This one could go in so many directions for me, ugh! I have actually been thinking about what I was going to write on here for the last few days and it has kinda got me stressed out. Oh well guess I will just dive right in.
So when I first started thinking about this I was like, so my first love would have been in elementary school, and it was TJ Wickman. I know I know for those of you Midway folks but yes it was him....and then the week changed and there was someone new on the playground to chase :) So the first, chase me on the playground, write all over my notebook kinda of love was TJ.
Then jr high and high school came and I really didn't date anyone. I would like someone for a while and then we would start talking and then I was over it. Nothing lasted more than a few months until my crush was someone new. Looking back on it now, I hate the fact that I would do that. I just thought that the next guy would be the one that I would REALLY like and the one that I would want to spend more time with but it never happened. I was never content so I never really had a first love in high school.
Once college came I did meet someone and I did fall in love with him. He was my first love...or so I thought. The love I had for him was just on the surface, and didn't go much further than that. We rushed into a lot of things and because of that things ended in heart break. We did care a lot about each other and there was love there but now I see the difference.

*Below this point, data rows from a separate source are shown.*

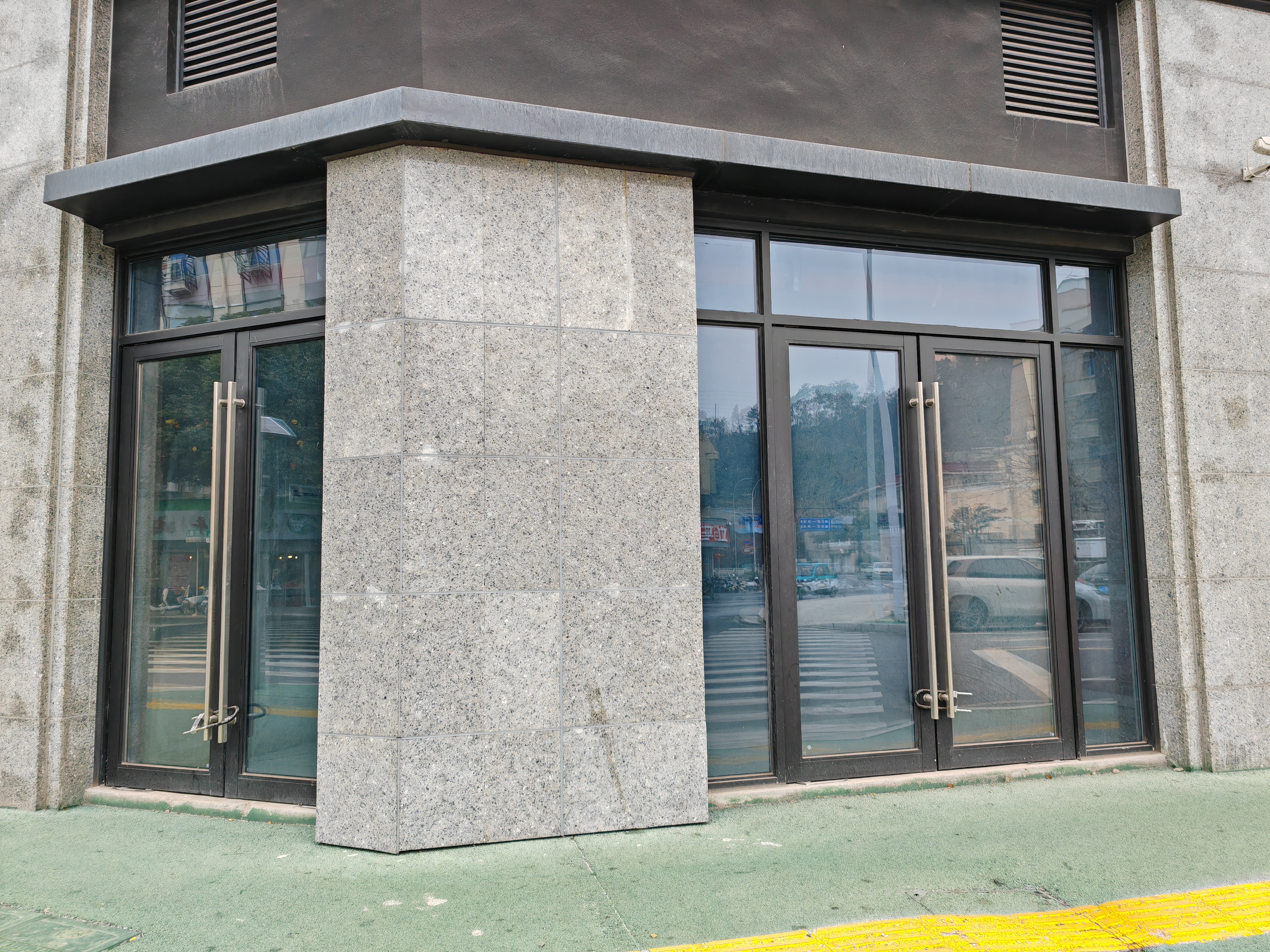 序号02：绍兴市新昌县文德上院3号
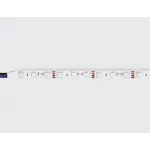 Комплект светодиодной ленты RGB Ambrella ILLUMINATION GS2402 от ImperiumLoft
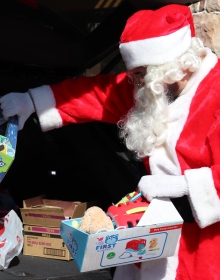 131931095_2830754247143394_4488856630500905091_o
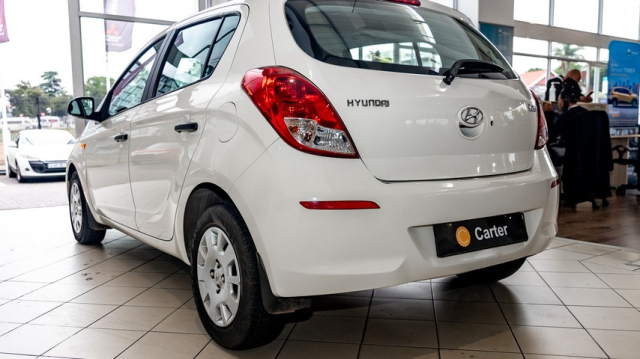 Hyundai i20 1.2 Motion 2021/38014_Hyuni20_2Fh01_Used_328.jpg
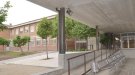 Alumnes de l'Institut Martí l'Humà de Montblanc, al Catksills 2025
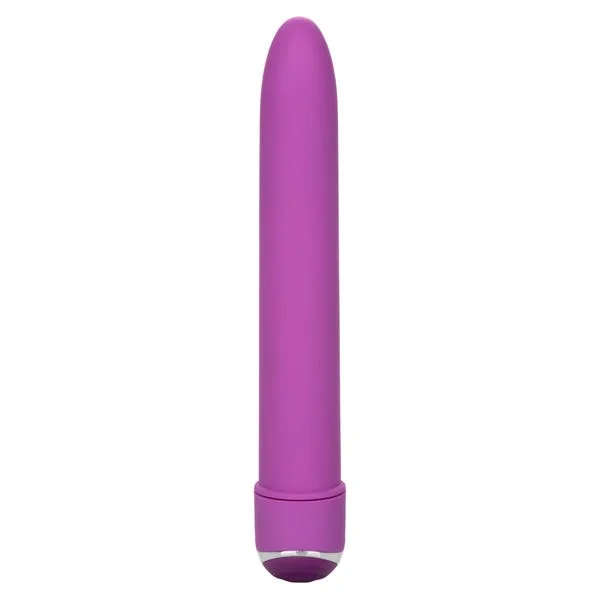 CalExotics 7-Function Classic Chic Bullet Vibrator — image 9 of 11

Which brings us to now, my first and last love. My husband is the man that I can truly say is my first true love. He is the man that comforts me when I am sad, he laughs with me, cries with me, listens to me complain about stupid crap and more. The love I have for him is not even comparable to any other love I have had in my life and because of that I know that this is love. I know it might be cheesy for me to say he is my first true love but its how I feel. He has it all...I would chase him on the playground if we were kids, I would want him to be the guy I found in high school that stuck around after a few months, and he is the guy I found after college that I love on a much deeper level than I ever thought possible. Its the type of love that no matter what is going on in my life he is my rock, my comfort, my voice and more. That to me is my first love, the love that last no matter what, the type of love that makes me want to be a better person.